Casa de Gurlitt em Salzburgo escondia mais 60 obras de arte
O homem que tinha 1.400 telas ocultas num apartamento de Munique, Cornelius Gurlitt, também conservava pinturas e desenhos de Monet, Renoir e Picasso na sua casa de Salzburgo na Áustria.
Terá sido o próprio Gurlitt a informar as autoridades da existência de mais este acervo, e as obras foram removidas da sua casa de Salzburgo nesta segunda-feira, na presença dos representantes legais do coleccionador. Citado pelo jornal austríaco Salzburger Nachrichten, Stephan Holzinger, o porta-voz de Gurlitt, adiantou apenas que as telas foram “inventariadas, seguradas e levadas para um local seguro”, tendo-se recusado a precisar se ainda se encontram na Áustria.
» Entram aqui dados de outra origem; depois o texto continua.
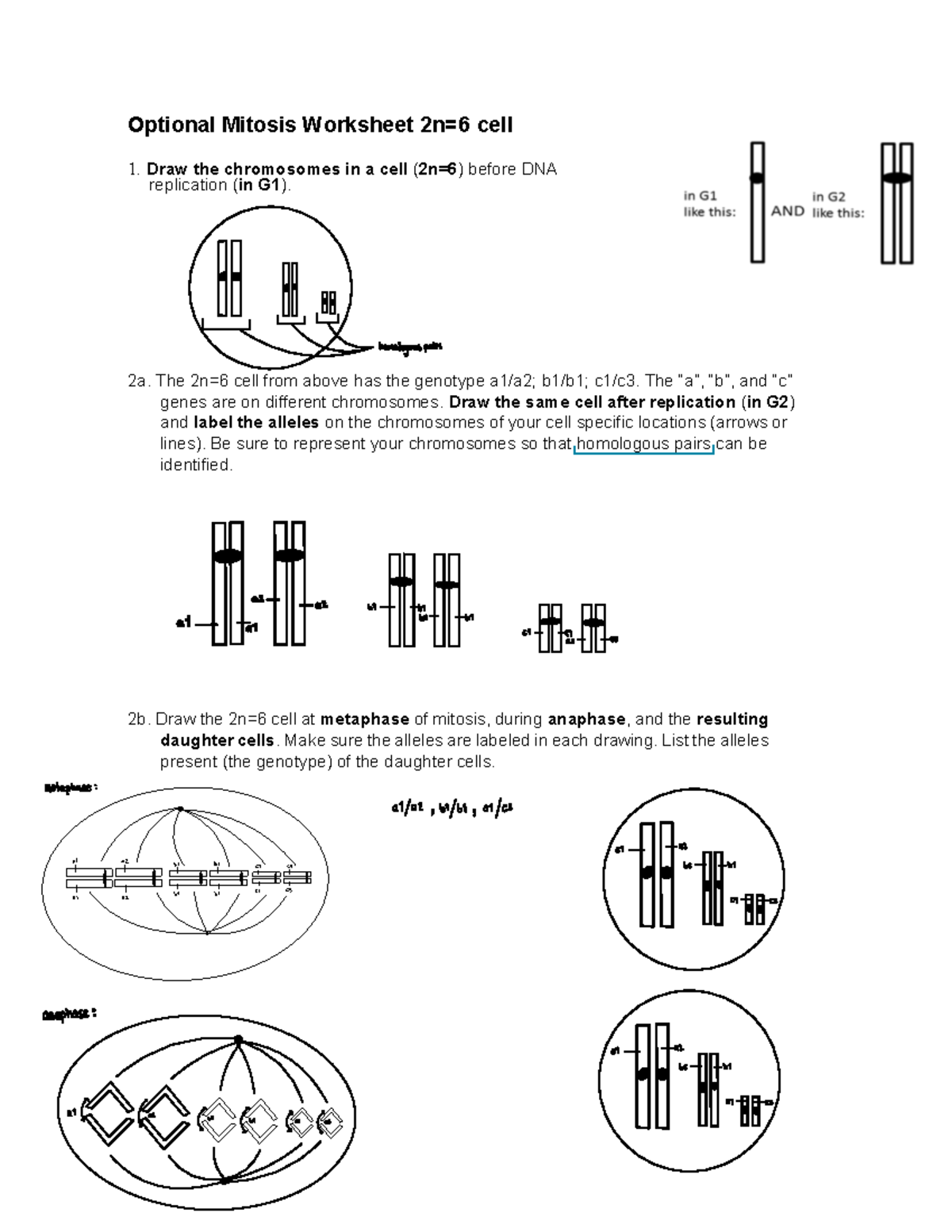 worksheet-1-mitosis-2n-6-cell-optional-mitosis-worksheet-2n-6-cell-1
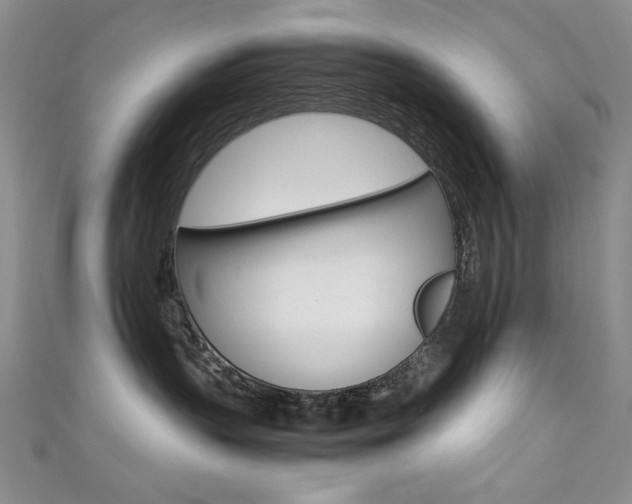 X0000111650383200907171104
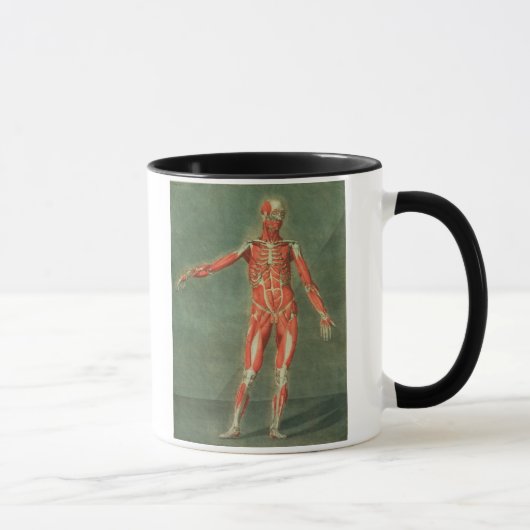 Oberflächliches muskulöses System der Front des BO Tasse (Rechts)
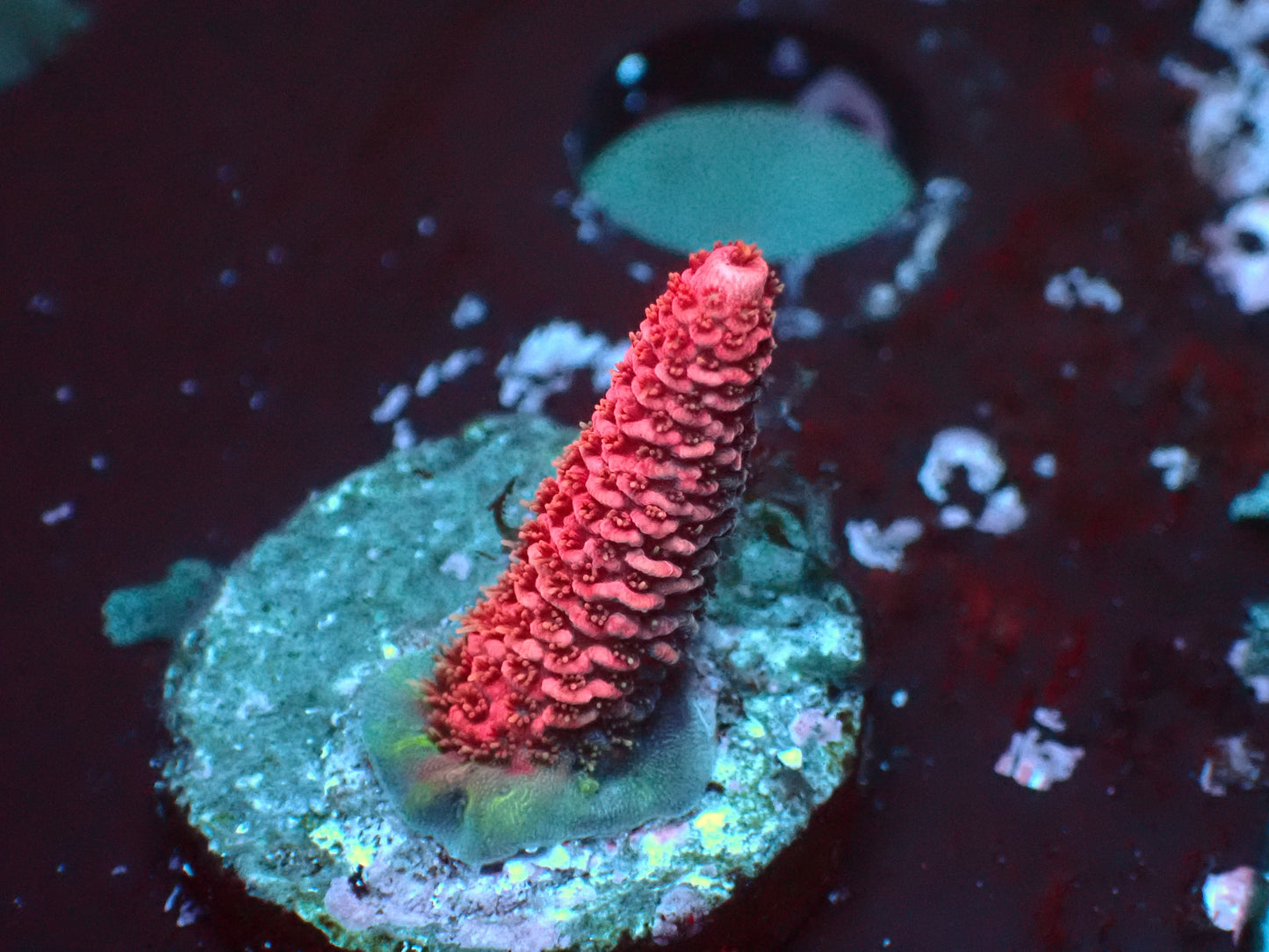 Pink Millepora | WYSIWYG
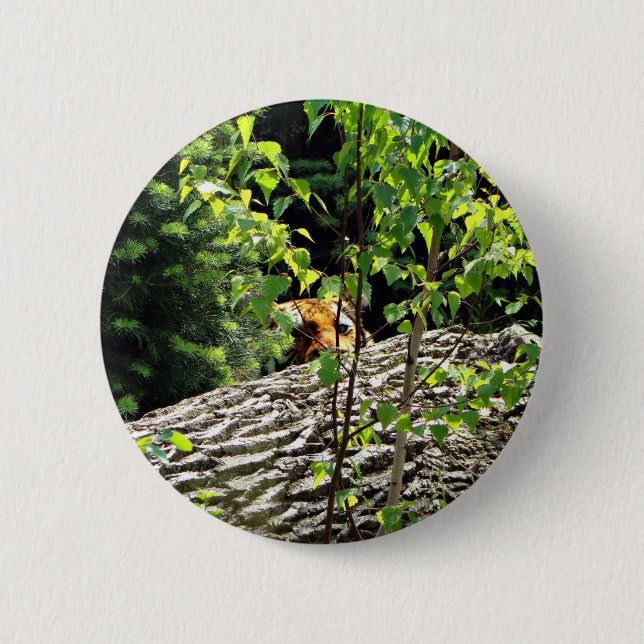 Tiger Peek-a-boo Button (Front)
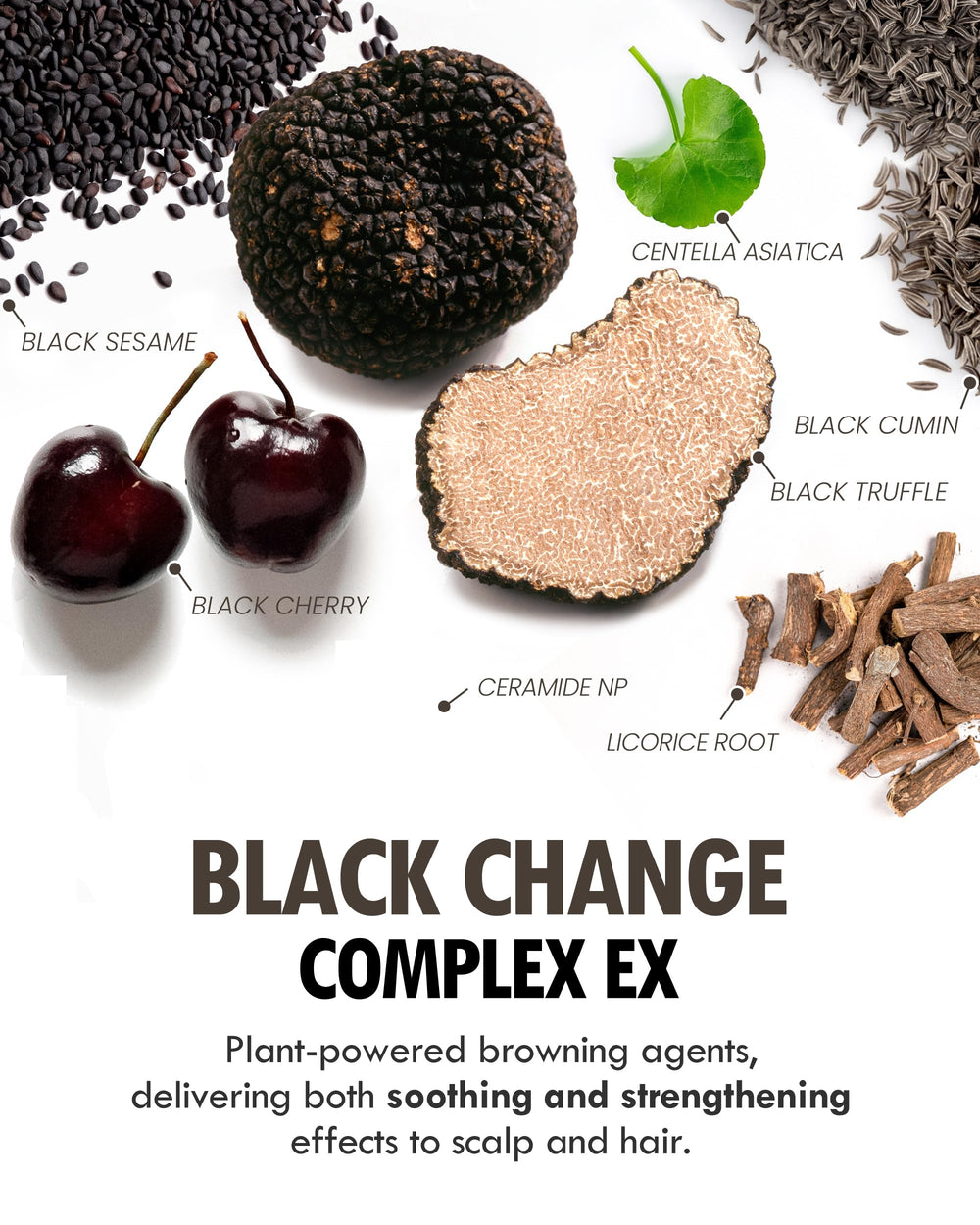 MODA MODA Zero Gray Black Shampoo lathering in hand demonstrates easy application.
Holzinger explicou ainda que as telas serão examinadas por especialistas de vários países para “esclarecer quaisquer dúvidas” sobre as respectivas origens e determinar se poderão ter sido roubadas pelos nazis. Na sequência de muitas pressões, as autoridades alemãs vêm divulgando as obras que consideram mais suspeitas de corresponder a arte saqueada durante o nazismo, designadamente a coleccionadores e famílias judaicas. Até este momento, a lista conta já com 590 telas. Holzinger garante, no entanto, que uma “avaliação preliminar” das 60 obras que Gurlitt conservava em Salzburg não detectou indícios que apontem para origens ilícitas.
As fotografias desta segunda casa do coleccionador publicadas no jornal local Salzburger Nachrichten mostram uma moradia de dois pisos com uma garagem anexa – a construção datará dos anos 1960 –, de dimensões modestas e não muito bem conservada, mas com grades em todas as janelas e uma porta de aspecto resistente, à qual foi aparafusada uma pequena placa metálica com o nome do proprietário.
Esta nova descoberta vem confirmar que, como já se suspeitava, há ainda muito para esclarecer neste extraordinário “caso Gurlitt”. A história tornou-se conhecida no início de Novembro de 2013, quando a revista alemã Focus divulgou que as autoridades bávaras vinham mantendo em segredo, desde Março de 2012, a descoberta de cerca de 1400 obras de arte (1.258 sem moldura e 121 emolduradas) no apartamento de Cornelius Gurlitt, escondidas por trás de uma parede de velhas latas de comida.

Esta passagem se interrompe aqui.